((

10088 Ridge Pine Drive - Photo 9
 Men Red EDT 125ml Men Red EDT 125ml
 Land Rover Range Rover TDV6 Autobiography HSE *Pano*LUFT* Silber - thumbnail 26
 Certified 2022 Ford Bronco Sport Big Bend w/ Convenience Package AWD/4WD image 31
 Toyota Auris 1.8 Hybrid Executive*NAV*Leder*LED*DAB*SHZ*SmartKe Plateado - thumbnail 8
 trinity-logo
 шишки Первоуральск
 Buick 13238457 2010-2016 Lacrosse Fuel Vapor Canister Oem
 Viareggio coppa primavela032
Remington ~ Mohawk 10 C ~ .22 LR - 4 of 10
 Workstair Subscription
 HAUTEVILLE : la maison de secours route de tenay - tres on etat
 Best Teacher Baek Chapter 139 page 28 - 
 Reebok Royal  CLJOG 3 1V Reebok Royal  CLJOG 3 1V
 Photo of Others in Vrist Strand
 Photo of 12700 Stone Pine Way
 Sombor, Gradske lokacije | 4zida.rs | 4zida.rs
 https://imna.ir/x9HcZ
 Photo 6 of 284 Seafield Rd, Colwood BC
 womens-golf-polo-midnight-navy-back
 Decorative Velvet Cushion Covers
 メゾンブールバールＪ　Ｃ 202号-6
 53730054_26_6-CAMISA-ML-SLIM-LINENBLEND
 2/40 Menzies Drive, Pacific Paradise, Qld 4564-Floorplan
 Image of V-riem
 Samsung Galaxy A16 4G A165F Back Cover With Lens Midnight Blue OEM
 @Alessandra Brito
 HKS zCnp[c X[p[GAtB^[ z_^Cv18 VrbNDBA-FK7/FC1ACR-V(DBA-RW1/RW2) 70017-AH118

))

* _Your objective_
Go through the records above and copy every line holding the word "thumbnail".

* _Written response_
 Land Rover Range Rover TDV6 Autobiography HSE *Pano*LUFT* Silber - thumbnail 26
 Toyota Auris 1.8 Hybrid Executive*NAV*Leder*LED*DAB*SHZ*SmartKe Plateado - thumbnail 8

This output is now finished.